Last Tuesday it was SuperDuper! Tuesday. SuperDuper! is now Leopard compatible.
Presumably due to a lot of changes in the HFS+ file system SuperDuper! was no longer Leopard compatible. The Shirt Pocket Blog has been an entertaining read for the last couple of months. Especially so the comments. I pitied Dave.
Anyway now I can use SuperDuper! again.
Since I just bought a Maxtor OneTouch 1TB machine, I gave SuperDuper! 2.5 a test spin. Just to see if it works, I tried to copy my Time Machine Backup from my OneTouch 500 MB to the other drive. As you may know you cannot just do a file copy. That will not work. Complicated stuff and all.
Copy Time Machine to another external drive
The following routine worked for me. Thanks to Dave for a hint about the restore part.
- Disable Time Machine.
- Start SuperDuper! and select the script
Copy user data
and edit that one. Remove the item /User and add theBackups.backupdb
folder. You can find this one under/Volumes/diskname
. Add that one. - Do a smart backup from that external using the new script. Put it in any location you like.
- Mount the new image and start SuperDuper!
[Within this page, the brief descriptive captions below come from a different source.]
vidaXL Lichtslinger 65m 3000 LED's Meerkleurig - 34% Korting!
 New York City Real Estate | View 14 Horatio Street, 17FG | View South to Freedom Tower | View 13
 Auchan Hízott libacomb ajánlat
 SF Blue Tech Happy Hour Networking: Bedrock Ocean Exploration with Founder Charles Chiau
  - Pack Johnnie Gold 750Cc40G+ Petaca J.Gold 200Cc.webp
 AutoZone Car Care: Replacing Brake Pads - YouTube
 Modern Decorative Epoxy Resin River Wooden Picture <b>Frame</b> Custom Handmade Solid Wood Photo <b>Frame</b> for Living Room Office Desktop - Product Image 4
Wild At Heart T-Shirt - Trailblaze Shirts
- Do a copy from that image to the new external hard disk, but make sure you do “Use Copy Newer Files” to the new external hard disk. See the screenshot.
- Select the new backup disk in time Machine preferences.
- Enable Time Machine
Surely you must be able to do this with Disk Utility as well. SuperDuper! is a bit easier IMO.
SuperDuper! saved me once when a hard disk failed. So I was a huge fan of SuperDuper! But this is a cool feature as well.
<>
No way. I have SD! and also CCC 3.x.
Disk Utility is brain-dead easiest.
No need to select script, edit, remove items, add folders… You kidding?
Use Disk Utility, click Restore, drag old TM to source, drag new TM disk to destination, click erase destination and go. End of problem.
I’ve had issues with permissions that prevented a successful copy of Time Machine using Disk Utility. If a single file has incorrect permissions the copy/paste will fail. SuperDuper saved the day.